Chicago, I.&L. Ry. Co. v. Pritchard

Citation168 Ind. 398,79 N.E. 508
Decision Date21 December 1906
Docket NumberNo. 20,945.,20,945.
CourtSupreme Court of Indiana
PartiesCHICAGO, I. & L. RY. CO. v. PRITCHARD.

168 Ind. 398
79 N.E. 508

CHICAGO, I. & L. RY. CO.
v.
PRITCHARD.

No. 20,945.

Supreme Court of Indiana.

Dec. 21, 1906.


Appeal from Circuit Court, Clay County; Presley O. Colliver, Judge.

Action by Walter K. Pritchard, administrator, against the Chicago, Indianapolis & Louisville Railway Company. From a judgment for plaintiff, defendant appeals. Transferred from Appellate Court (78 N. E. 1044) under section 13,370, Burns' Ann. St. 1901. Affirmed.
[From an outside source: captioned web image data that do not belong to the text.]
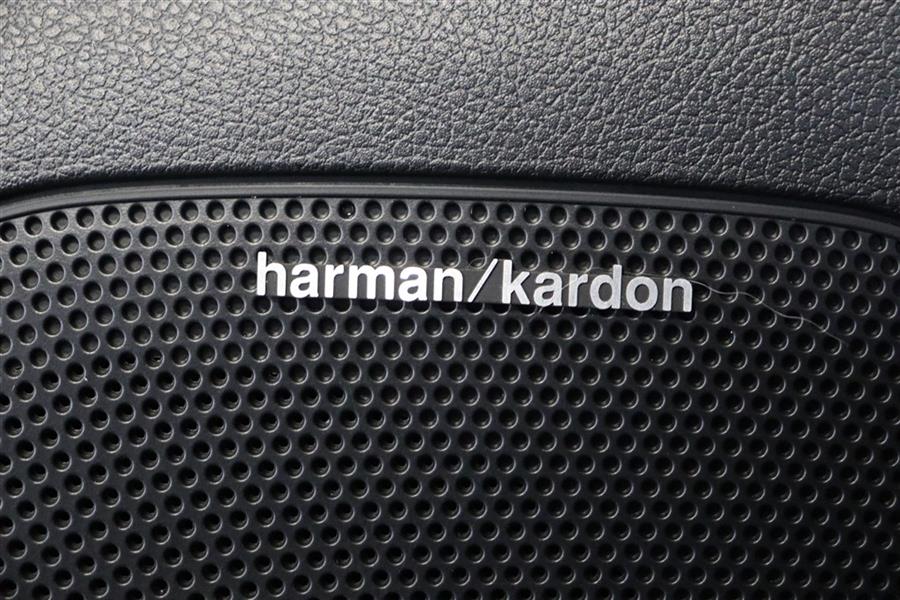 2022 Kia Sportage EX, available for sale in Paterson, New Jersey | Fast Track Motors. Paterson, New Jersey 2022 Kia Sportage EX, available for sale in Paterson, New Jersey | Fast Track Motors. Paterson, New Jersey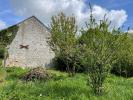 House FERTE-SOUS-JOUARRE 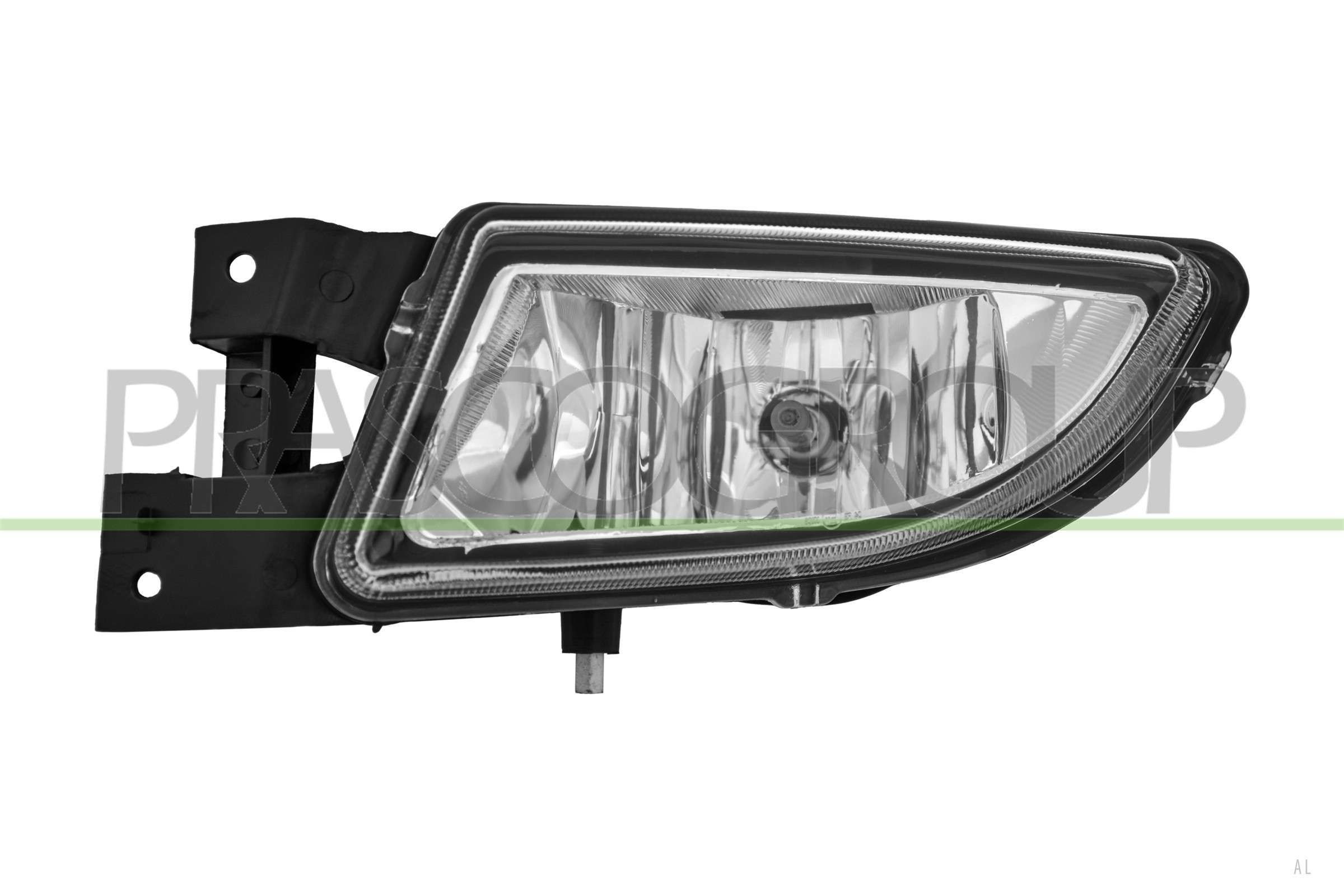PRASCO Fendinebbia FT1384414 FT1384414 Fari fendinebbia PRASCO SUZUKI WAGON R+ costo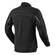 Rev'it Tracer Air 2 Overshirt Black Черный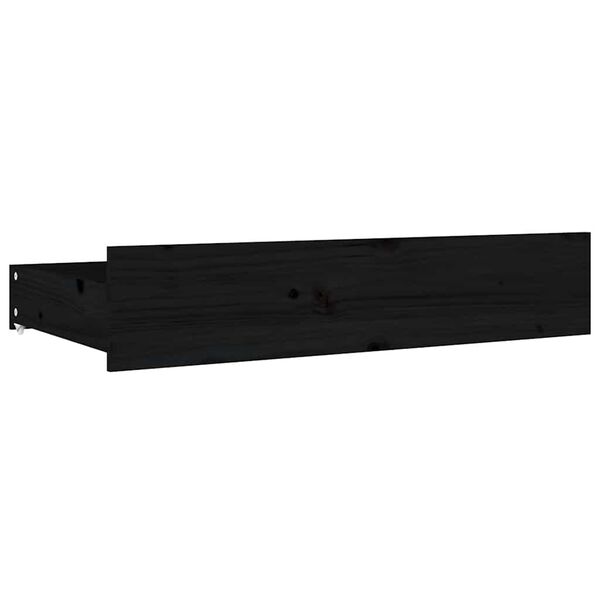 Viser 3 av 8 produktbilde(r)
E. C. Field, G. A. Knight, and H. R. Kurrie, for appellant. S. A. Hays, Coffey & McGregor, and C. E. Akers, for appellee.

GILLETT, J.

Action for the negligent killing of appellee's decedent. There was a verdict and judgment for appellee. The testimony showed the following facts: One Bridges was engaged in the shipment, over appellant's railroad, from the town of Cloverdale, of elm poles of various sizes. Pursuant to his request, appellant placed a flat car on its siding, just east of its main track, in said town, for use in making one of said shipments. Decedent was a teamster in the employ of Bridges, being hired by the day, and a short time before the accident he drove up, on the east side of the car, with a load of poles; and, as it was his duty to do, began helping the other men in the work of loading. There were stakes on the west side of the car to keep the poles from rolling off. When the car was about one-half or two-thirds loaded, some one cried: “Flag the train down there!” or “Stop the train!” A passenger train from the south was due, and about that time whistled for the town. When the alarm was given, Bridges and one Akin ran down the track to signal the engineer, while the other men started toward the track to see what was the matter. Decedent and one of his associates went around the north end of the car, and, after passing it, the former took but a step to the south, and, while looking in that direction, the poles on the north end of the car rolled over on him, owing to the fact that some of the pockets which held the stakes gave way. The poles which fell on decedent did not kill him, but they threw him over on the main track, and he was unable to extricate himself, although aided by his companion. A short time afterwards the train came smashing into the poles, instantly killing decedent. Some one, it afterwards turned out, had observed that a part of the load was leaning towards the main track, and this gave rise to the alarm. The giving of it caused much excitement among the men. Bridges ran some 75 feet down the track, but Akin, passing him, succeeded in reaching a point some 40 or 50 feet beyond. As the two

[79 N.E. 509]

proceeded, they waved their hats to signal the engineer. The engineer answered these signals by two short blasts of the whistle. Bridges testified that he could see the train when it was from 1,500 to 2,000 feet away from him, and that the engineer gave the answering signal after the train had run between 600 and 800 feet. There is some confusion in the testimony as to distances, and as to where the train was when the engineer answered the warnings. To a considerable extent the matter is illustrated by photographs in which is shown the situation of objects to which the witnesses made reference. According to the testimony, there was no apparent effort to check the speed. It was up grade for three-quarters of a mile in approaching Cloverdale from the south, and there was a considerable curve in the track immediately south of said town. The locomotive was working steam as it passed the men who had signaled it. The train was composed of three coaches and a baggage car. The poles had been down for some moments when the engineer gave the answering signal. An examination of the flat car, which was subsequently made, disclosed that the pockets gave way because of the absence of nuts on some of the bolts which were used to hold the pockets in place. Bridges had not examined the car, and the defects could only have been perceived by looking from behind the heavy timber through which the bolts passed. No objection is urged to the complaint. The first paragraph seems to be predicated, at least principally, on negligence in the furnishing of a defective car, while the remaining paragraph charges negligence in the failure of the engineer to stop the train after he was signaled.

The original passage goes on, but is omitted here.